How thin is Ames's case? Among his handful of supposedly damning citations, mined from a searchable archive that has dozens of other pieces about South Africa, is this glowing December 1980 profile of Leon Luow, who was an anti-apartheid activist. Here's the opening of that article, which Ames quotes as a gotcha:

It is possible that in the past decade no country has moved further toward a libertarian society than South Africa has. Yes—South Africa.

Provocative? Definitely. True? While I seriously doubt it, I have no earthly idea. You can quickly move long distances from miserable starting points; the government had recently issued a series of economic and racial decontrols (about which see more below), and author Patrick Cox did issue the qualifer "it is possible." More germane to the argument, was this evidence of pro-apartheid sentiment? It was the opposite, actually. Here's a longer excerpt from Cox's piece:

Many South Africans are aware of Louw only as a crusader for civil and economic liberties for blacks, who make up 70 percent of South Africa's population. Conditions for blacks have been improving dramatically but "not fast enough," says Louw. "I'm an abolitionist. What's wrong is wrong. Freedom is the first principle. You cannot justify restrictions by saying there will be uncomfortable effects during the process of change."

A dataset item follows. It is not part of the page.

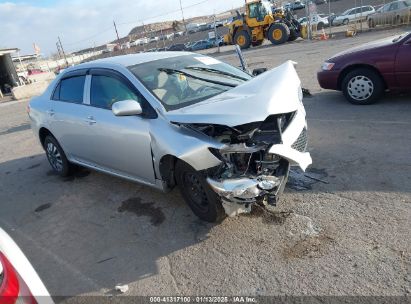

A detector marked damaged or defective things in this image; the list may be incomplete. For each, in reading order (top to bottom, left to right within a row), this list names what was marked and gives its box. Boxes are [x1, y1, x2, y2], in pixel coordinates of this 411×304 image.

crumpled hood [334, 35, 400, 58]
crumpled hood [164, 60, 302, 127]
damaged front end [185, 111, 308, 216]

Black economist Walter Williams, who has visited South Africa extensively, says of Louw and the South African move toward a nonstatist society, "If you had to pick somebody on the continent that played a significant role, surely it would be Leon and the Free Market Foundation." The Foundation, says Williams, "is forcing people to view the problems of apartheid." […]

The most powerful labor union leader in South Africa has started working with Louw and the Foundation and has come out against racially segregated unions and closed shop laws (a barrier to black employment). […]

Louw says his biggest enemies are not Marxists, who are relatively easy to deal with once the issue of coercion is put on the table. The real enemies are those who say, "I am a capitalist, and in a capitalist society, you have to control morals. These are the most poisonous enemies," says Louw, because they say they're for free enterprise or freedom or libertarianism, but they're not.

Emphases mine. Read that final paragraph again, slowly, then look at this ludicrous Ames claim:

Majority rule and socialism were one and the same; for Reason, apartheid was the only thing safeguarding "liberty." The logic was insane; but it was accepted as a matter of faith in the pages of Reason.

If defending apartheid was a "matter of faith" in Reason during the '70s and '80s, you would expect editors and staffers and contributors to routinely make that case when the subject of apartheid came up. Instead, from the editor in chief to the writer of Brickbats to book reviewers to the anti-apartheid activists themselves, the South African policy of forcible racial discrimination was described as "bigoted," "repressive," "thoroughly racist," an "absurd anachronism," "an anathema," "bad for business," and worse. Essayists wrote treatises on "how to dismantle apartheid"; feature writers celebrated developments they hoped "ultimately destroys…apartheid," Editor Robert Poole asked Zulu leader Gatsha Buthelezi questions like "What's the best thing the United States government could do to help end apartheid?", and on and on.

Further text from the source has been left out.